Khouri had been told about the Dawn War by the Mademoiselle, who had not wanted Sylveste to succeed. Yet Sun Stealer desired that outcome more than anything else.
“What is it about?” she asked. “I know what you’re doing here; you’re delaying me; keeping me waiting because you know I’ll do anything to hear the answers you have. And you’re right, in a way. I have to know. I have to know everything.”
Sun Stealer waited, silently, and then continued to answer all the questions she had for it.
When she was done, Volyova decided that she could profitably use one of the slugs in her clip. She shot the display; the great glass globe shattered into a billion icy shards, Sun Stealer’s face disrupting in the same explosion.
Khouri and Pascale took the circuitous route to the clinic, avoiding elevators and the kind of well-repaired corridors through which drones could easily travel. They kept their guns drawn at all times, and preferred to blast anything that looked even vaguely suspicious, even if it later turned out to be nothing more than a chance alignment of shadows or a disturbingly shaped accretion of corrosion on a wall or bulkhead.
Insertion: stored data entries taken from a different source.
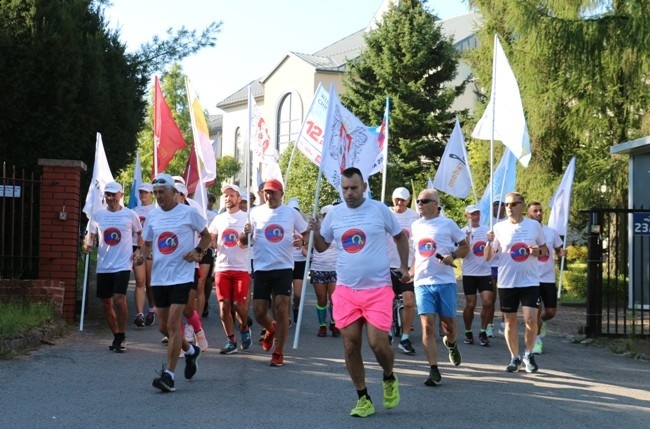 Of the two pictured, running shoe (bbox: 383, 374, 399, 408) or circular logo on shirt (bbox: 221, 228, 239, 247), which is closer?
running shoe (bbox: 383, 374, 399, 408)

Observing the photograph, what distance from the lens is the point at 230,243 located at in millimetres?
11891

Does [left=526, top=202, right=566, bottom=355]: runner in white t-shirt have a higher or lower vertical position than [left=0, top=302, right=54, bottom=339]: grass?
higher

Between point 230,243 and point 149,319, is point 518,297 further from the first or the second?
point 149,319

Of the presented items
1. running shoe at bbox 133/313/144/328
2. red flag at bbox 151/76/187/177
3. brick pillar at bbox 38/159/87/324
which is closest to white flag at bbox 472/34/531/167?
red flag at bbox 151/76/187/177

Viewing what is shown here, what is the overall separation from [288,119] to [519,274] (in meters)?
53.2

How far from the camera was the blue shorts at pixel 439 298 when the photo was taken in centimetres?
996

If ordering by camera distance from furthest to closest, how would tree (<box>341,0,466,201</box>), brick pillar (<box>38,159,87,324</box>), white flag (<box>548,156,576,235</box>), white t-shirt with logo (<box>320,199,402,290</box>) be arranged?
tree (<box>341,0,466,201</box>) → white flag (<box>548,156,576,235</box>) → brick pillar (<box>38,159,87,324</box>) → white t-shirt with logo (<box>320,199,402,290</box>)

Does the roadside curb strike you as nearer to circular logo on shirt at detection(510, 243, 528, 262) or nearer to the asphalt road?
the asphalt road

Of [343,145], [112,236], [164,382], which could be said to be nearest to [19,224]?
[112,236]

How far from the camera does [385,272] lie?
8086 millimetres

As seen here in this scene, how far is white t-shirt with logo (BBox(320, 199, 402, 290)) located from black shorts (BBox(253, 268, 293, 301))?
265 cm

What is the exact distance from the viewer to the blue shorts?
996cm

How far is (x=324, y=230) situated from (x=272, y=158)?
6526mm

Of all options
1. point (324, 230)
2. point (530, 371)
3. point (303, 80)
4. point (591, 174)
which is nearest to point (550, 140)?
point (591, 174) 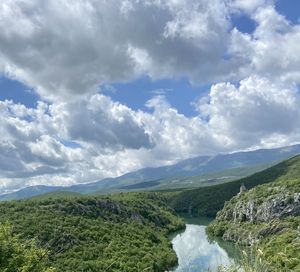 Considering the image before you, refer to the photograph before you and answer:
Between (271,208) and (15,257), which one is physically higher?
(15,257)

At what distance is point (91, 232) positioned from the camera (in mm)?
115375

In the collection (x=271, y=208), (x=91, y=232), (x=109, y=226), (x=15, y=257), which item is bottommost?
(x=271, y=208)

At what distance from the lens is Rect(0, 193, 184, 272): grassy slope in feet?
298

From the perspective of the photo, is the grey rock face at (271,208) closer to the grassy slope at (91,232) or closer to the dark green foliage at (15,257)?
the grassy slope at (91,232)

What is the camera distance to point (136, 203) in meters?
188

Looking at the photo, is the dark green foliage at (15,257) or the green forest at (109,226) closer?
the dark green foliage at (15,257)

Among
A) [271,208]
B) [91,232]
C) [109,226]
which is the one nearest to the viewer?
[91,232]

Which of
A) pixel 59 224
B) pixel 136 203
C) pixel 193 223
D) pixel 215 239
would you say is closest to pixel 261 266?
pixel 59 224

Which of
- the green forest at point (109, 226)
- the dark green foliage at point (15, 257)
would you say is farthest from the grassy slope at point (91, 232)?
the dark green foliage at point (15, 257)

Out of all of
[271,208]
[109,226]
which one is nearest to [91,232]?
[109,226]

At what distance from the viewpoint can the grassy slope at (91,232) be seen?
298ft

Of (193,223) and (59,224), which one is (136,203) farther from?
(59,224)

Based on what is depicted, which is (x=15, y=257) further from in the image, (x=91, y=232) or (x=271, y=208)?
(x=271, y=208)

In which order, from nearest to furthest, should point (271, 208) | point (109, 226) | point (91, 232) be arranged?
1. point (91, 232)
2. point (109, 226)
3. point (271, 208)
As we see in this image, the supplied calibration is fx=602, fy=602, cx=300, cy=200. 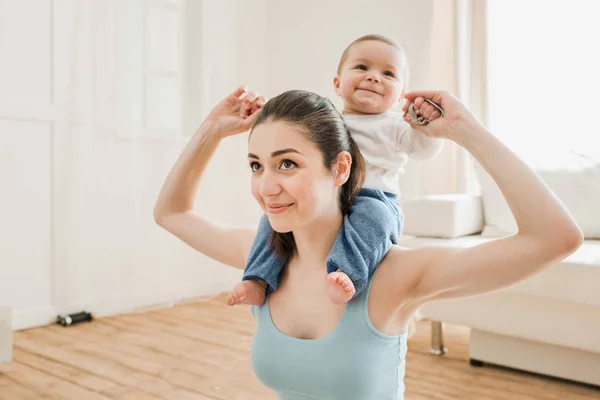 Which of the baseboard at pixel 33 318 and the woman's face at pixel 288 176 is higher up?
the woman's face at pixel 288 176

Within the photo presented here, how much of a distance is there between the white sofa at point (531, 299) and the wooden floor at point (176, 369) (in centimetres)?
Answer: 9

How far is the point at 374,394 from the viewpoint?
1.11m

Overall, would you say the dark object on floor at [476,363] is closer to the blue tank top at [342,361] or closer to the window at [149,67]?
the blue tank top at [342,361]

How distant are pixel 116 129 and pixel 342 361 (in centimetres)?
309

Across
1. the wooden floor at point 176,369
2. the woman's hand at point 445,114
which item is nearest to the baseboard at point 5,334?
the wooden floor at point 176,369

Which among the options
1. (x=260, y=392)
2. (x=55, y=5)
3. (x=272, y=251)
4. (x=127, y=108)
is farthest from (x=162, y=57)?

“Did he give you any kind of warning he was going to leave so soon?” Khouri asked.
“No; not this soon. I mean, I thought he would try it at some point, but I tried talking him out of it.”
“How do you feel about him?”
“What do you expect me to say? He was my husband. We were in love.” Pascale seemed to collapse then; Khouri reached out to catch her. The woman wiped tears from her eyes, rubbing them red. “I hate him for what he’s done—you would as well. I don’t understand him, either. But I still love him despite it. I keep thinking… maybe he’s dead already. It’s possible, isn’t it? And even if he isn’t, there’s no guarantee I’ll ever see him again.”
“It can’t be a very safe place he’s going to,” Khouri said, and then wondered if Cerberus was any more dangerous than the ship, now.
“No, I know. I don’t think even he realises how much danger he’s in—or the rest of us.”
“Still, your husband isn’t just anyone. It’s Sylveste we’re talking about here.” Khouri reminded Pascale that Sylveste’s life had been shot through with a core of rare luck, and that it would be strange if that fortune should desert him now, when the thing that he had always reached for was almost within his grasp. “He’s a slippery bastard, and I think there’s still a good chance he’ll find a way out of this.”
That seemed to calm Pascale, fractionally.
Then Khouri told her that Hegazi was dead and that the ship appeared to be trying to murder everyone else left aboard it. “Sajaki can’t be here,” Pascale said. “I mean, he can’t, can he? Dan wouldn’t know how to find his own way to Cerberus. He’d need one of you to go with him.”